Most of the commentary around big tech’s strides in AI has centered around Google and Microsoft — the former has a long history of AI research, and the latter has acquired OpenAI and integrated its products in its suite. But there’s a third FAANG name that’s quietly making big strides in AI.
Meta has the highest number of public models available on Huggingface, data shared by Huggingface CEO Clement Delangue shows. Meta had 689 models on Huggingface including MusicGen, Galactica, Wav2Vec and RoBERTa. Google followed with the next highest number of models with 591 models. Some of Google’s prominent models are BERT, Flan, T5 and mobilnet. Third was Microsoft with 255 models including DialoGPT, BioGPT, layoutLM, uniML. Salesforce was next with 88 models including CodeGen and Blip, and Nvidia was fifth with 86 models including Megatron and Segformer.
Meta has been quietly working on its AI capabilities for a while. In 2013, the company had set up the FAIR (Facebook Artificial Intelligence Research) group to “advance the state of the art of AI through open research for the benefit of all”. The group now boasts of some big names, including Yann LeCun, who is one of the pioneers of deep learning, and is the Chief AI Scientist at Meta. Meta has also been the birthplace of Pytorch, which is the most popular language in which AI programs are now written.

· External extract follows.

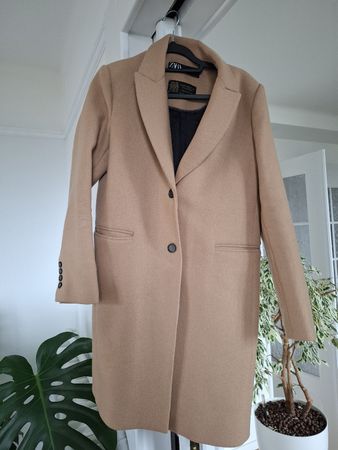 Manteau Zara camel taille M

And Meta has released several interesting models in the recent past, many of which it has also open-sourced. The Segment-Anything model allows users to split an image automatically into its components, which has many applications across image recognition. It had also released the MIMS model, which allows for conversion of speech into text for 1,100 languages. Meta had also released its large language model named LLaMa, which was initially meant for research, but its weights were leaked, and it ended up forming the basis of several popular open-source models.
Meta has now pipped both Google and Microsoft in terms of public models uploaded on Huggingface. These models not only demonstrate the company’s research capabilities, but also show how it’s managing to productize that research into useful models. And having all these models in its kitty — and their underlying research — could help Meta hold its own against the more vaunted names in AI.